8. Un simile spirito di sapiente concretezza, che non teme di mostrare il proprio volto tipicamente europeo, vale anche per il dialogo tra le religioni e, in particolare, con l’Islam. I diritti umani, la pace, un concreto bene comune che non è solo materiale ma anche spirituale, la famiglia, l’uguale dignità degli esseri umani, la corretta distinzione tra politica e religione sono valori europei e valori umani nello stesso tempo. L’Europa li deve difendere mentre promuove su di essi un vero incontro tra le religioni.
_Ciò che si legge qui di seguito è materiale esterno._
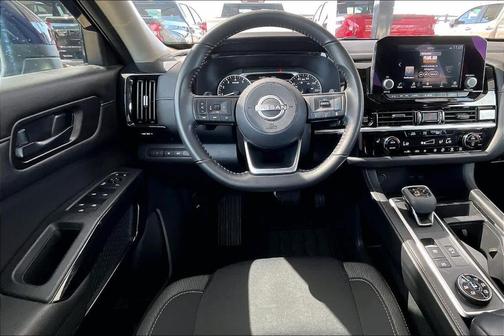 Deep Ocean Blue 2025 Nissan Pathfinder SV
9. La Chiesa cattolica che è presente nelle diverse nazioni europee sa bene che il suo primo dovere è l’annuncio di Cristo agli europei, perché il primo fattore di sviluppo è il Vangelo. Sa di doverlo fare in amicizia con tutti, ma con una propria configurazione unica, fondata sulla verità del Signore Gesù Cristo. Dall’accoglienza dell’annuncio di Cristo nascono nuove relazioni, nuovi modi di vedere le cose, nuove spinte di solidarietà e amicizia civica, una nuova convinzione per lottare per il bene umano e trascendente delle persone.

La Commissione CCEE è presieduta da S.E. Mons. Giampaolo Crepaldi, Arcivescovo di Trieste (Italia) e si compone di tre sezioni: Migrazioni, presieduta da S.Em. Josip Card. Bozanić, Arcivescovo di Zagabria (Croazia); Salvaguardia del Creato, presieduta da S.E. Mons. André-Joseph Léonard, Arcivescovo emerito di Malines-Bruxelles (Belgio); Questioni sociali, presieduta da S.E. Mons. Giampaolo Crepaldi, Arcivescovo di Trieste (Italia).